In our follow up interviews with the superstars, many pointed to early involvement in content as the single most important action any SEO can take towards SEO success. They stated loud and clear: “Early SEO involvement in content creation is critical to natural search success.”
Getting Yourself Involved vs. Waiting to Get Involved
It was recently the anniversary of Abraham Lincoln’s famed Gettysburg address, so I think it only appropriate that we consider what he says about waiting to be involved vs. involving oneself:
“Things may come to those who wait, but only the things left by those who hustle.”
This certainly applies to digital marketers. Looking at the data and parsing the follow-up interviews, superstars consistently told us this about content creation:
It’s Not ‘Wait for Someone to Involve You Early.’
It’s ‘Get Yourself Involved Early.’
This can be challenging. Some of you might be thinking, “Been there, tried that.” You may have been met with: “Don’t tell me how to write my content,” “I’m too busy writing content to talk with you about how I should write content,” or any number of variations on that theme.
But, given how important superstars emphasize early involvement is, it’s worth another look.
I Come Bearing SEO Gifts
I’d like to suggest an approach that begins with bringing ‘gifts’—search insight that will help content creators do their jobs more effectively—either by giving them new content ideas or by mapping their efforts to organizational business goals.
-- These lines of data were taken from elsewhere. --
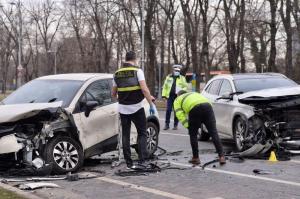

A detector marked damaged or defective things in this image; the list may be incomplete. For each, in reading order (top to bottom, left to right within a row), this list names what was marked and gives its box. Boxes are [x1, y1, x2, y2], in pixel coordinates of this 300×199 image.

crumpled hood [0, 102, 62, 123]
white damaged car [0, 74, 161, 173]
dark damaged car [0, 74, 161, 173]
dark damaged car [202, 73, 300, 154] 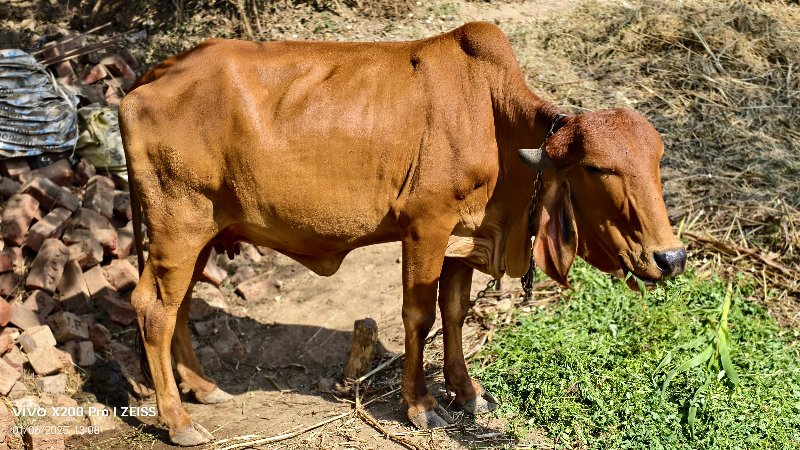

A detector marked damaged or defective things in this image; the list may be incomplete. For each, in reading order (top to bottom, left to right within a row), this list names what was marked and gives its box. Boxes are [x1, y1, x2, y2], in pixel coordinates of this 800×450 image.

I’m going to give you two examples, leveraging data from distinct sources. They may not map precisely to your business; my goal is to get you thinking about the kinds of insight you can bring to your content team that they would find valuable. Show them how SEO can improve the direction and impact of their content, and soon they’ll be asking you to get ‘involved early’ without prompting.
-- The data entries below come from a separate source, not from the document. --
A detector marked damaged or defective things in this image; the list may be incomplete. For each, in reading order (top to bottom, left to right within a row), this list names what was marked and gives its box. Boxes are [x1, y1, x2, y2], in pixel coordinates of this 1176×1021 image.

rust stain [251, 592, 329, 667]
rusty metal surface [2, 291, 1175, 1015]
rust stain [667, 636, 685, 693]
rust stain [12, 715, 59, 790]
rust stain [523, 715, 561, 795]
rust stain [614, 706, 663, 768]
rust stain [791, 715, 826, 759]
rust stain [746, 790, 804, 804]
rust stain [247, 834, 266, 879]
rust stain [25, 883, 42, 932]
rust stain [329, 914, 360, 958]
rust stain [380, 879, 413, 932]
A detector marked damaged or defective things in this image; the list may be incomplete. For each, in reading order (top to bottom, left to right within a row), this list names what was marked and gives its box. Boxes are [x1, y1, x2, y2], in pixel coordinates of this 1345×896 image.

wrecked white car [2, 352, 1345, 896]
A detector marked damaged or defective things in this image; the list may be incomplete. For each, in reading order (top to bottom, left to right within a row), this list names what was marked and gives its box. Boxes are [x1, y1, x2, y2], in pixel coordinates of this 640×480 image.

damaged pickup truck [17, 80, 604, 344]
Our first example is from Google Analytics. The latest version Demographic insight about your site visitors is extractable with just a few clicks.
Looking at the geographic section of the demographic data shows a distribution of visits by location. In the example below, I copied the info into Excel and within three minutes produced a chart that showed a distribution of traffic by major geographic regions.
The process showed that the majority of traffic came from North America, with barely one in ten from Asia/PAC. Imagine there’s an executive directive to spread internationally; you could take this insight to your content people and say “Right now, our site gets barely one in ten visitors is from the Asia/PAC region. Since it’s a key business goal to increase international traffic, let’s build some content that caters to that region.”
Capture Low Hanging Fruit – Use SEO to Find Easy Content Wins
Our next example draws on search ranking data. For visualization purposes, the screenshots below are from Conductor Searchlight, but there are other ways to find this data.
In the example below, I sorted keywords by Google rank and the level of competition—less competition, of course, means that it’s easier to move your keywords up the search rankings. I sorted so that keywords ranking at the bottom of page 1, top of page 2 and low competition keywords were displayed.
Once I’ve isolated these keywords I can take them to my content team and say, “We’re on the top of page one/bottom of page 2 for these low competition keywords. Let’s make some content and get to the top of page one!”
If You Come Bearing Gifts, You’ll Get Invited In
Superstar SEOs point to early involvement in content creation as one of the most important things any SEO can do to achieve search success. Don’t just try to wedge yourself into the content creation process, consider the ‘bringing gifts’ approach.
Think about the kind of insight you can bring to your content creation team that will help them do their job in a more focused and effective manner. Start a dialogue that will result in your being involved early and often in your organization’s content creation process.